1911 Encyclopædia Britannica/Du Bellay, Guillaume
DU BELLAY, GUILLAUME, Sieur de Langey (1491–1543), French soldier and diplomat, was born at the château of Glatigny, near Montmirail, in 1491. His father, Louis du Bellay-Langey was a younger son of the Angevin family of du Bellay, which from the 14th century was distinguished in the service of the dukes of Anjou and afterwards of the kings of France; and Louis had six sons, who were among the best servants of Francis I. Guillaume, the eldest, is one of the most remarkable figures of the time; a brave soldier, a humanist and a historian, he was above all the most able diplomat at the command of Francis I., prodigiously active, and excelling in secret negotiations. He entered the military service at an early age, was taken prisoner at Pavia (1525) and shared the captivity of Francis I. His skill and devotion attached him to the king. His missions to Spain, Italy, England and Germany were innumerable; sent three times to England in 1529–1530, he was occupied with the execution of the treaty of Cambrai and also with the question of Henry VIII.’s divorce, and with the help of his brother Jean, then bishop of Paris, he obtained a decision favourable to Henry VIII. from the Sorbonne (July 2, 1530). From 1532 to 1536, though he went three times to England, he was principally employed in uniting the German princes against Charles V.; in May 1532 he signed the treaty of Scheyern with the dukes of Bavaria, the landgrave of Hesse, and the elector of Saxony, and in January 1534 the treaty of Augsburg. During the war of 1537 Francis I. sent him on missions to Piedmont; he was governor of Turin from December 1537 till the end of 1539, and subsequently replacing Marshal d’Annebaut as governor of the whole of Piedmont, he displayed great capacity in organization. But at the end of 1542, overwhelmed by work, he was compelled to return to France, and died near Lyons on the 9th of January 1543. Rabelais, an eye-witness, has left a moving story of his death (Pantagruel, iii. ch. 21, and iv. ch. 27). He was buried in the cathedral of Le Mans, where a monument was erected to his memory, with the inscription, “Ci gît Langey, dont la plume et l’épée Ont surmonté Cicéron et Pompée”; Charles V. is said to have remarked that Langey, by his own unaided efforts, did more mischief and thwarted more schemes than all the French together.

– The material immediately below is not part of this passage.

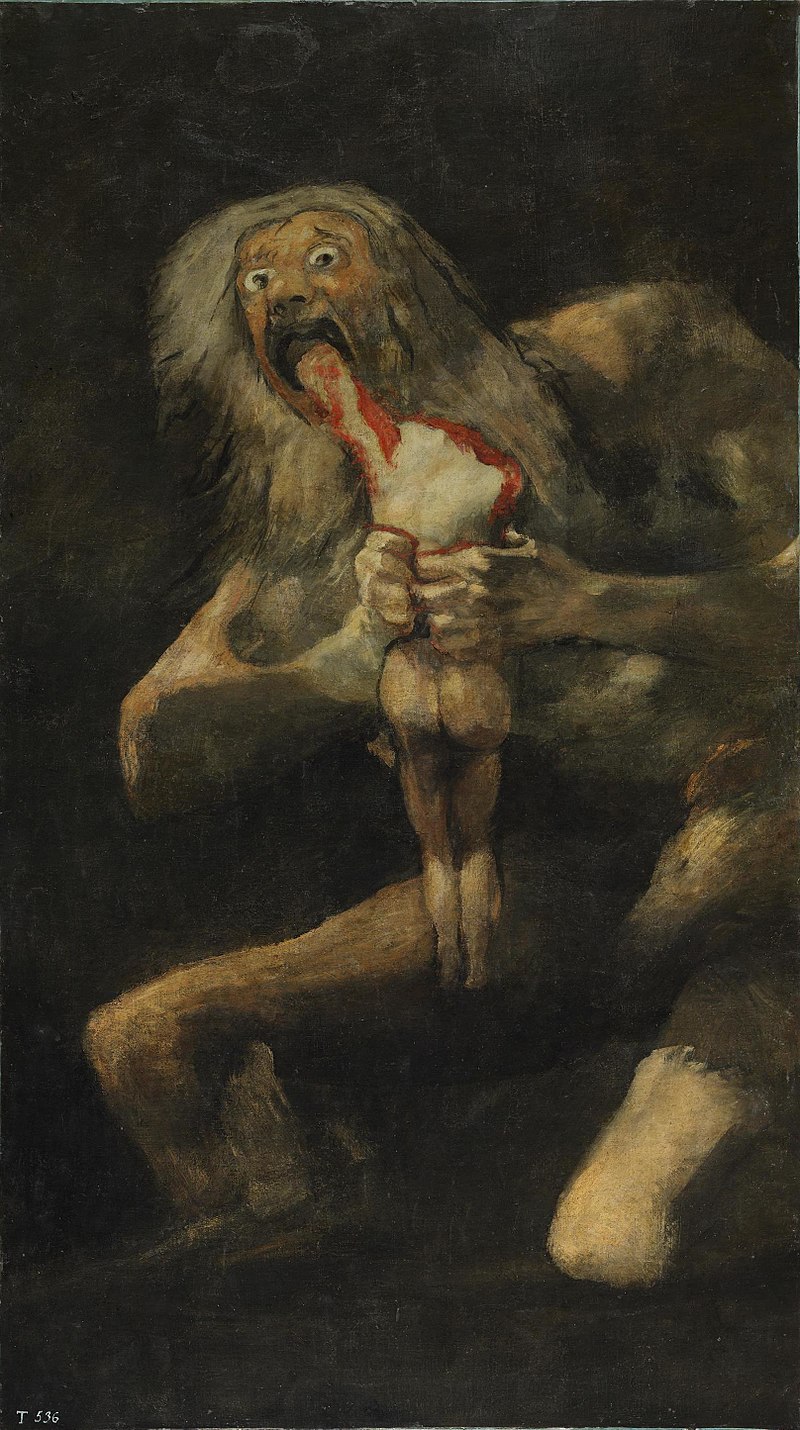 弗朗西斯科-戈雅的画作《农神吞噬其子》（约1819-1823）。//图片来源：公共领域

Guillaume du Bellay was the devoted protector of freedom of thought; without actually joining the reformers, he defended the innovators against their fanatical opponents. In 1534–1535 he even tried, unsuccessfully, to bring about a meeting between Francis I. and Melanchthon; and in 1541 he intervened in favour of the Vaudois. Rabelais was the most famous of his clients, and followed him to Piedmont from 1540 to 1542. Guillaume was himself a valuable historian, and a clear and precise writer. He imitated Livy in his Ogdoades, a history of the rivalry between Francis I. and the emperor from 1521, of which, though he had no time to finish it, important fragments remain, inserted by his brother Martin du Bellay (d. 1559) in his Mémoires (1569). The celebrated Instructions, reprinted as Traité de la discipline militaire in 1554 and 1592, was formerly attributed to him, but it has been proved that he could not have written it (see Bayle, Dict. Hist. i. 502, and Jähns, Geschichte der Kriegswissenschaften, i. 498 seq.); this work, however, is of the highest value for the study of the military art of the 16th century; in 1550 an Italian, in 1567 a Spanish, and in 1594 and 1619 German translations were published.
See also the edition of Martin du Bellay’s Mémoires by Michaud and Poujoulat (1838), and Bourrilly’s Fragments de la première Ogdoade (Paris, 1905). There is an excellent study of Guillaume du Bellay by V. L. Bourrilly (Paris, 1905). (J. I.)